Set down a faithful copy of every record below, with no images.

━━━━━━━━━━━━━━━━

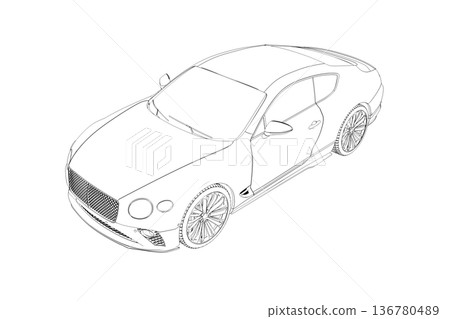car outline drawing, sketch, contour image 136780489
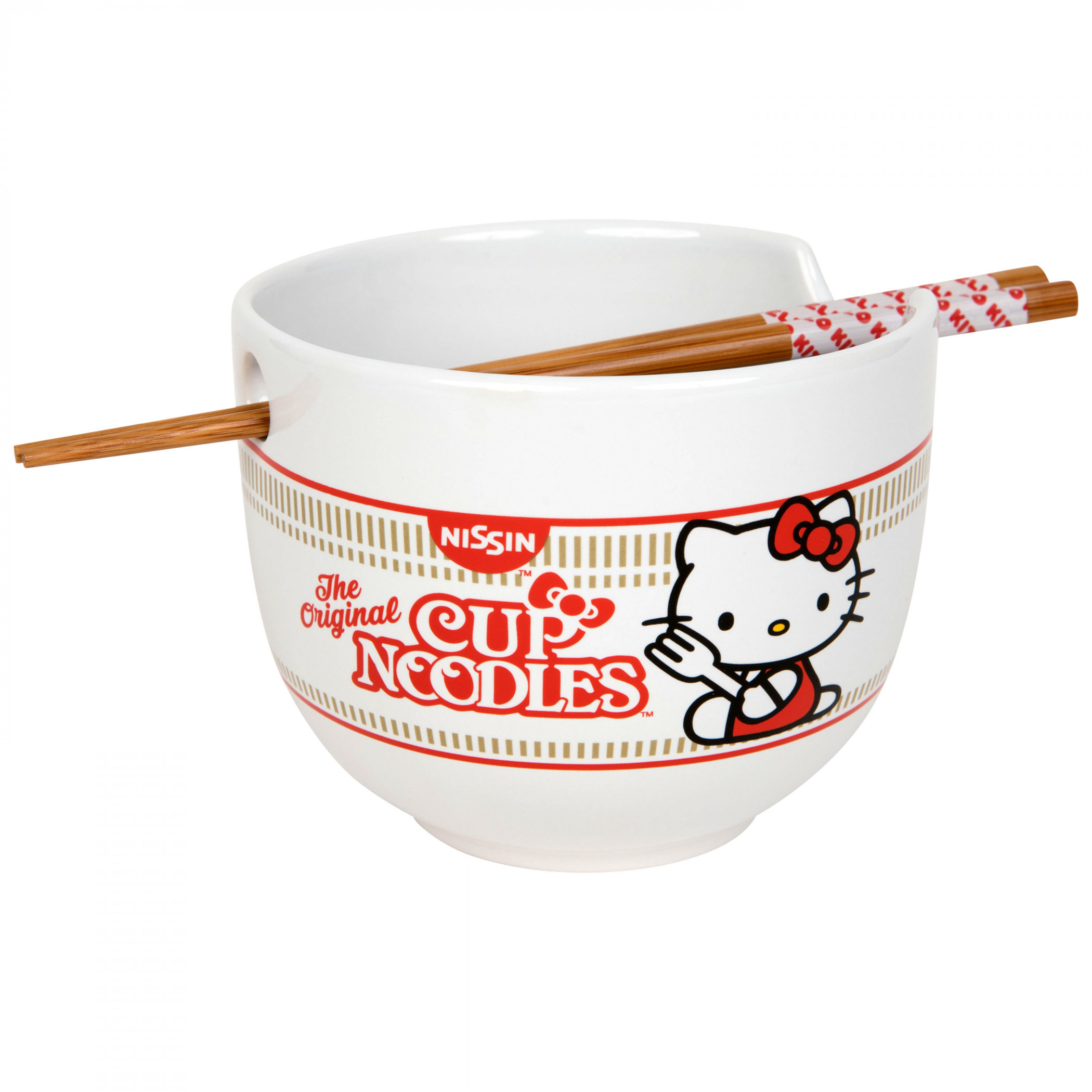 Hello Kitty x Nissin Original Cup Noodles Ramen Bowl with Chopsticks, White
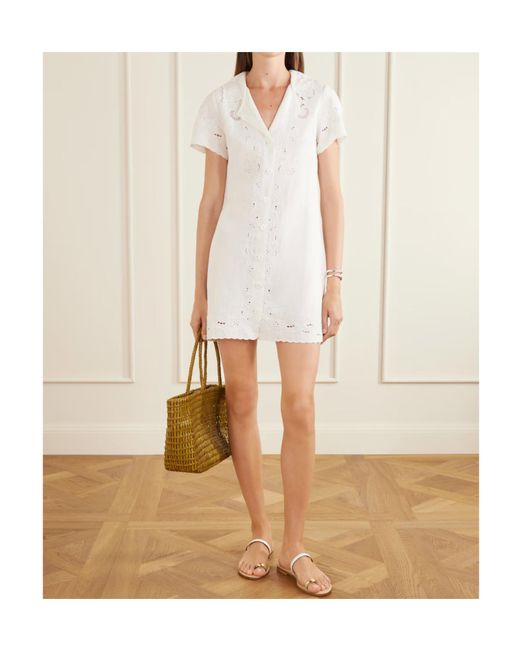Rixo White Short-Sleeved Dress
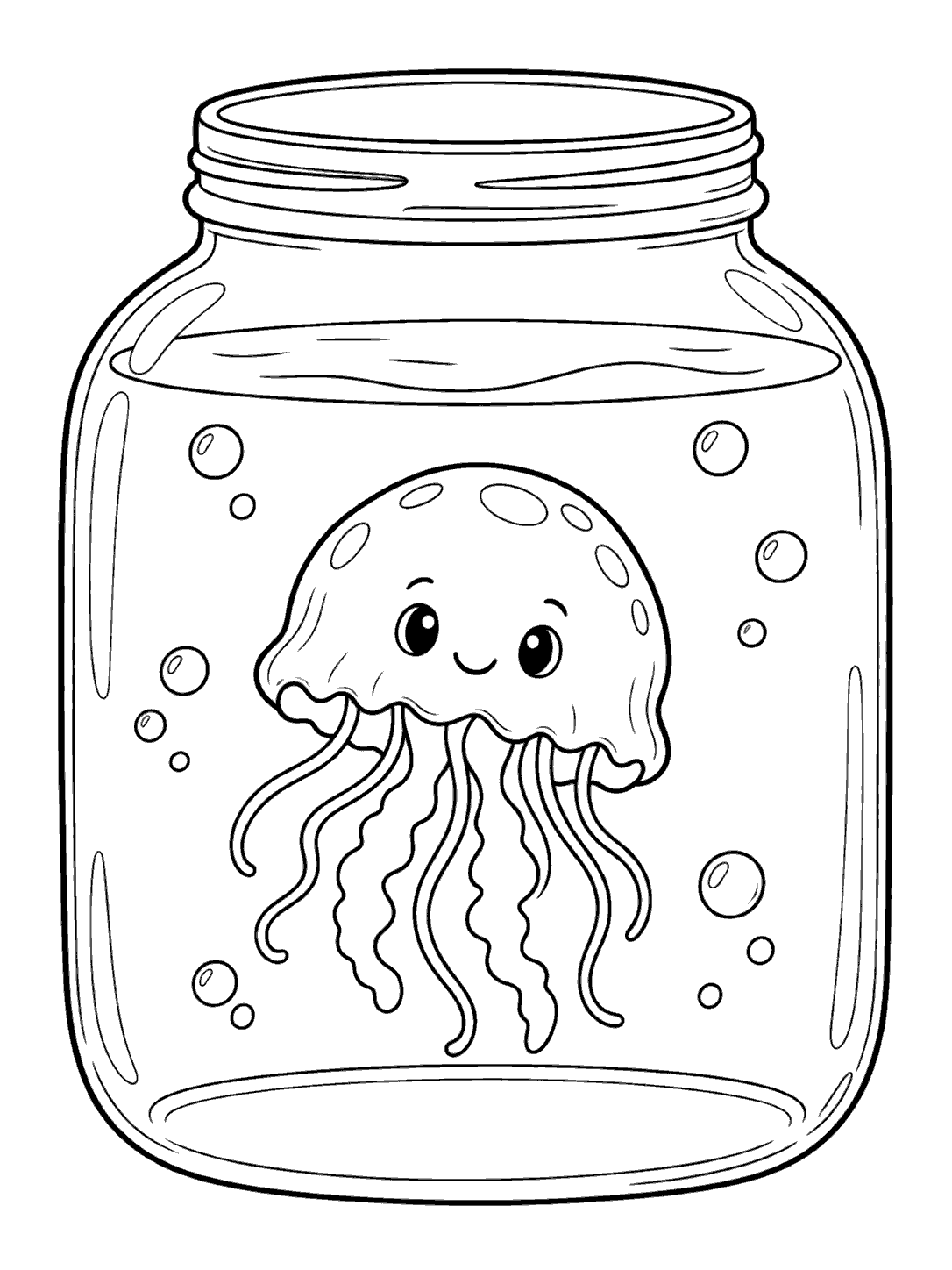 Black-outline coloring page of a smiling jellyfish floating inside a wide glass jar with bubbles.
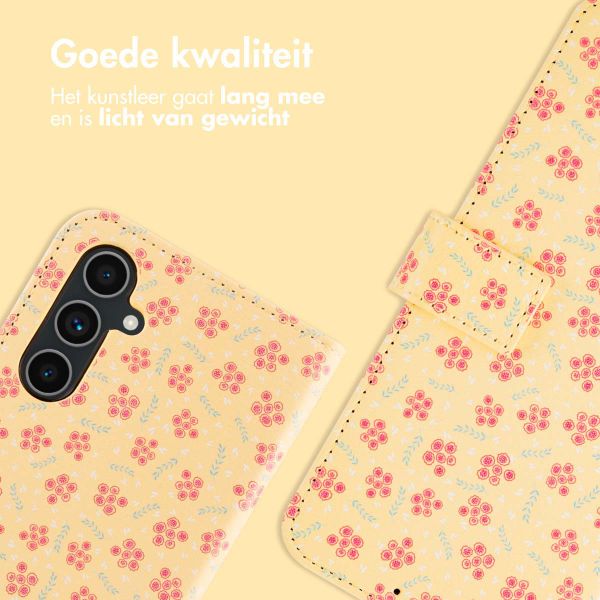 imoshion Design Bookcase Samsung Galaxy A54 (5G) - Sunny Yellow Petite Flowers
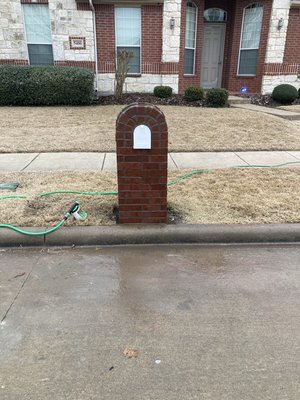 Mailbox with arch finish - Mailbox was hit by a vehicle and customer wanted exact structure back up like before. Mailbox with arch finish - Mailbox was hit by a vehicle and customer wanted exact structure back up like before.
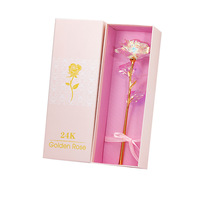 Vente flash 2025 - Boîtes cadeaux roses - Fleurs artificielles plaquées or 24 carats - Fleurs en feuille d'or rose - Cadeaux pour la Saint-Valentin - Rose arc-en-ciel galaxie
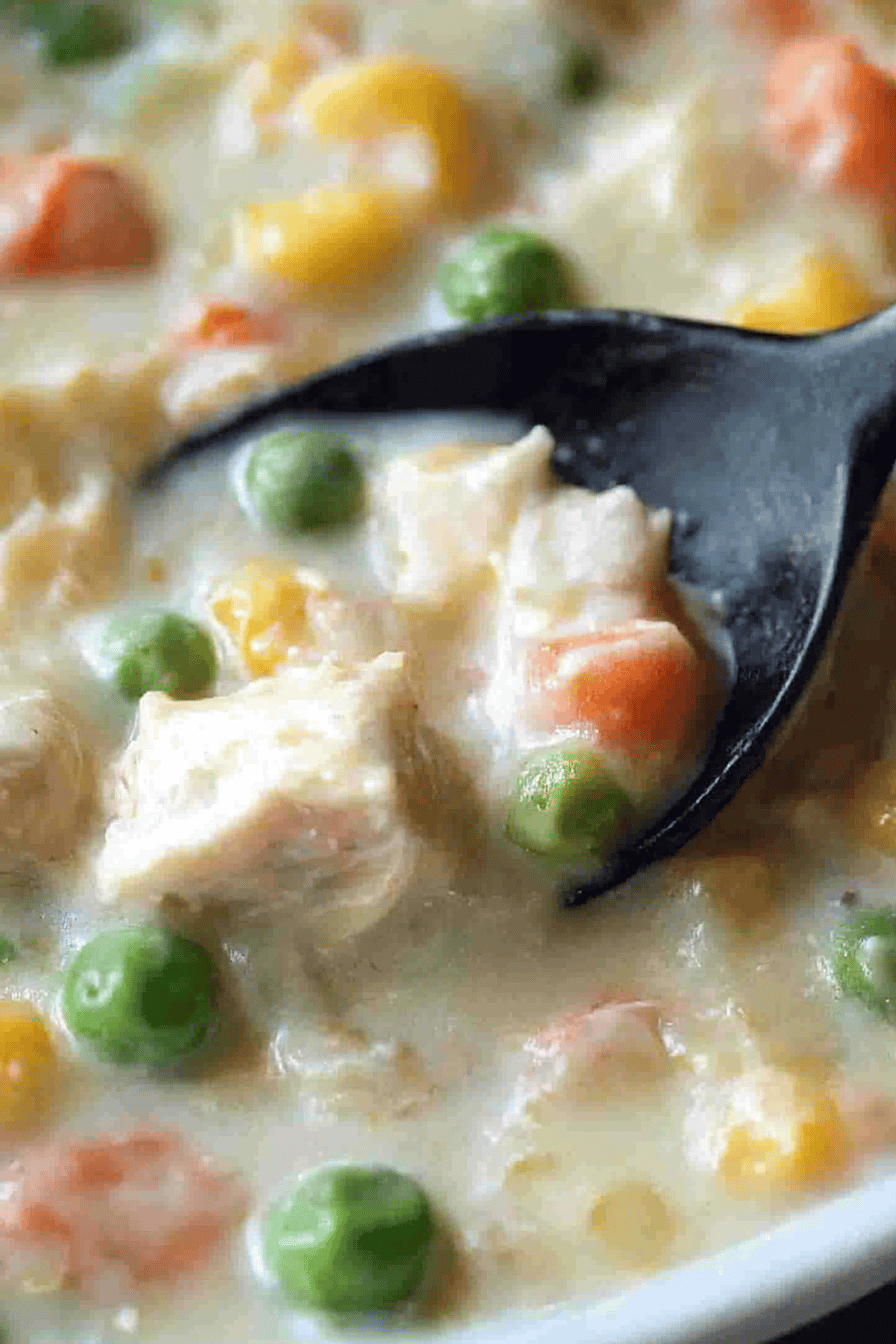 chicken pot pie casserole slice on plate showing perfect texture and swirl pattern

━━━━━━━━━━━━━━━━

» **Output for this exercise**:
car outline drawing, sketch, contour image 136780489
 Hello Kitty x Nissin Original Cup Noodles Ramen Bowl with Chopsticks, White
Rixo White Short-Sleeved Dress
 Black-outline coloring page of a smiling jellyfish floating inside a wide glass jar with bubbles.
 imoshion Design Bookcase Samsung Galaxy A54 (5G) - Sunny Yellow Petite Flowers
 Mailbox with arch finish - Mailbox was hit by a vehicle and customer wanted exact structure back up like before. Mailbox with arch finish - Mailbox was hit by a vehicle and customer wanted exact structure back up like before.
 Vente flash 2025 - Boîtes cadeaux roses - Fleurs artificielles plaquées or 24 carats - Fleurs en feuille d'or rose - Cadeaux pour la Saint-Valentin - Rose arc-en-ciel galaxie
 chicken pot pie casserole slice on plate showing perfect texture and swirl pattern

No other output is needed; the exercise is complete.